The Prime Minister, Datuk Seri Najib Tun Razak, tabled the 2017 Budget in Parliament recently. Save for the usual antics of the opposition parties, which makes a complete mockery of this august event, the budget was balanced and appropriate given the prevailing economic situation and challenges faced by policy makers due to the drop in the price of crude oil and commodities.
However, a part of the budget that has received undue attention and been subject to much speculation and subterfuge is the rationalisation of cooking oil subsidies and the subsequent increase in the price of petrol and diesel.
I have written about subsidies before so I will be succinct in my elaboration of what actually subsidies are all about.
Subsidies are a sum of money granted by the government or a public body to assist an industry, business or individuals so that the price of a commodity or service may remain low or competitive. Subsidies, from the government, keep prices of food products low.
In 2009, about 22% of the government expenditure was on subsidies, with petrol subsidies alone taking up 12% of the total.
And in 2013, the subsidy bill was RM30bil with fuel subsidies alone amounting to RM24bil, the largest component in the provision.
Hence in 2013, the government launched the subsidy rationalisation programme to ensure Malaysia’s subsidy program was targeted and market orientated and too further stem wastages and leakages.
Subsidies on sugar, flour and rice were also removed and in lieu of subsidies all those who were part of the lowest 40% income group were given the 1Malaysia People’s Aid or BR1M.
However, the one remaining subsidy was for cooking oil.
In 2015, the government subsidised 85,300 tonnes of cooking oil a month (1,023,600 tonnes a year) and it costed the government RM1.2bil.
Hence the average Malaysia consumed 2.84 kg of oil a month totaling up to 34.12 kg a year. And all of this was palm oil and blended palm oil based cooking oils not taking into account that some Malaysians may be partial to groundnut, canola, corn or soybean oil.
According to the OECD, the global average oil consumption between 2012 and 2014 was 19.8 kg per capita of food use.
With consumption expected to grow 1.75 % per annum between 2015 and 2024. Hence, Malaysia’s consumption of palm oil alone in 2015 (taking into account the increase in global consumption of per capita of food use) was still close to 14 kg above the global consumption.

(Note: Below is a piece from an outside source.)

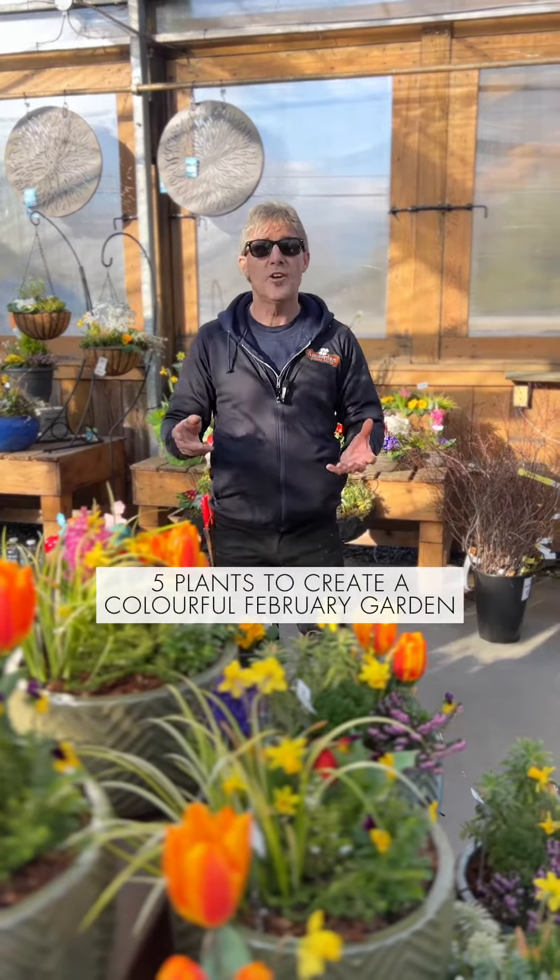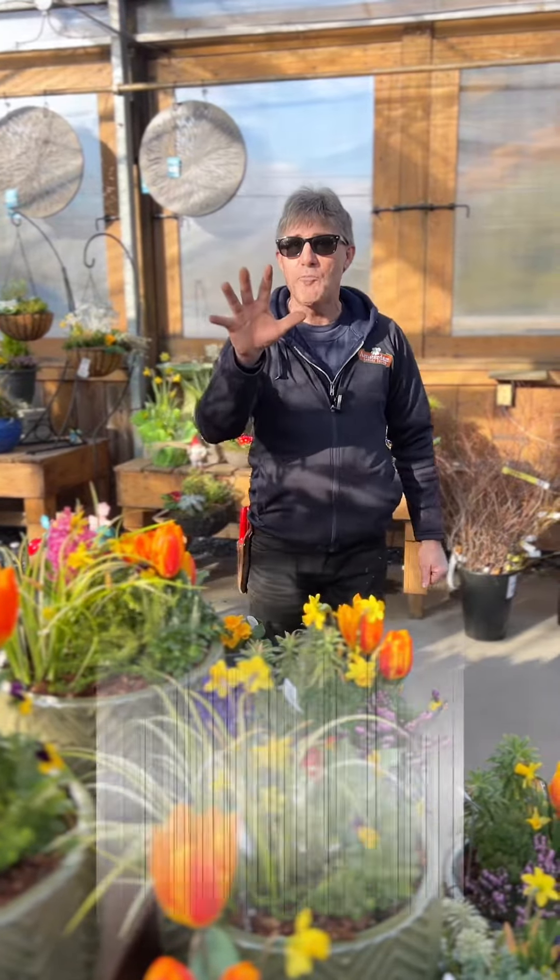Imagine your garden bursting with color in February. There are five plants to get you there.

Hence, there was a surplus of oil in our markets and there were also suspicions that subsidised oil was also exported by unscrupulous parties to regional countries where cooking oil is more expensive.
Hence, rationalising the cooking oil stabilisation scheme (COSS) was a right move and ensuring that the 1 kg plastic packs of oil remain subsidised at 60,000 tonnes a month ensures there is enough supply of cooking oil in the market for deserving households especially the B40 group.

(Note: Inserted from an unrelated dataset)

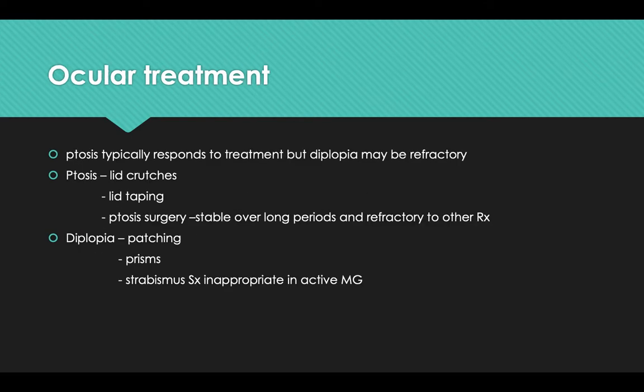For the ocular aspects of treatment, ptosis typically responds to treatment but diplopia may be refractory. For ptosis, lid crutches and lid taping can be used; ptosis surgery is only performed when the condition has been stable over long periods and is refractory to other treatments. For diplopia, patching and prism therapy are appropriate options, while strabismus surgery is inappropriate in active myasthenia gravis.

Restaurant operators also should not use the increase as a licence to increase prices because unlike items like flour, rice, meat and vegetables; oil only forms a small component of cooked food. One does not need to use a kilogram of oil for a simple roti canai or thosai hence there is no justification whatsoever for traders to hike prices wantonly.
For example, according to the United States Department of Agriculture (USDA), women age 19 to 30 years who exercise for less than 30 minutes each day should consume about six (30 g) teaspoons of oils each day, and women above age 30 years need five (25 g) teaspoons.
These recommendations might be a bit higher for women who exercise more on a daily basis. Hence, the Malaysian daily per capita consumption based on the old COSS scheme is close to 20 teaspoons (100 g) of oil per day.
This is also an opportunity for us to live healthily and cut down our oil and trans – fat intake. 41% of Malaysians are either overweight or obese according to a recent Ministry of Health study hence this is an opportunity to cut our waistlines by consuming less oil especially fried foods.
Second, the rationalisation of the COSS will ensure cooking oil subsidies are targeted and not abused.
Now, on the increase in the price of petrol and diesel, half-truths and untruths are being purveyed about how the price of petrol and diesel is calculated in Malaysia.
One cannot simple rely on the price of Brent or Sweet Crude prices per barrel and extrapolate that to calculate the price of petrol and diesel in Malaysia.
Petrol and diesel prices are regulated by the Ministry of Domestic Trade, Cooperatives and Consumerism (KPDNKK). Crude oil needs to be processed before it becomes petrol and obviously this costs money.
Petrol and diesel prices are determined at the start of each month taking into account the average price of the previous month.
Hence one cannot rely on the price of crude oil on the last day of the previous month and use that as a barometer on what the price of petrol or diesel should be.
Beyond that, other costs included as determined by KPDNKK under the Automated Pricing Mechanism, include cost of product, operational cost, oil companies' margin, station dealers' margin and taxes (if any).
Hence, one must fully understand this before sharing screen shots of the price of crude oil and using that to justify why the price of petrol and diesel should be unchanged.
I believe it is important for the truth to surface because there is a lot of misconceptions and quite easily the government is faulted for measures beyond its control.The government cannot control prices ad infinitum but does provide relief via BR1M for those affected by the gyrations in the price of commodities.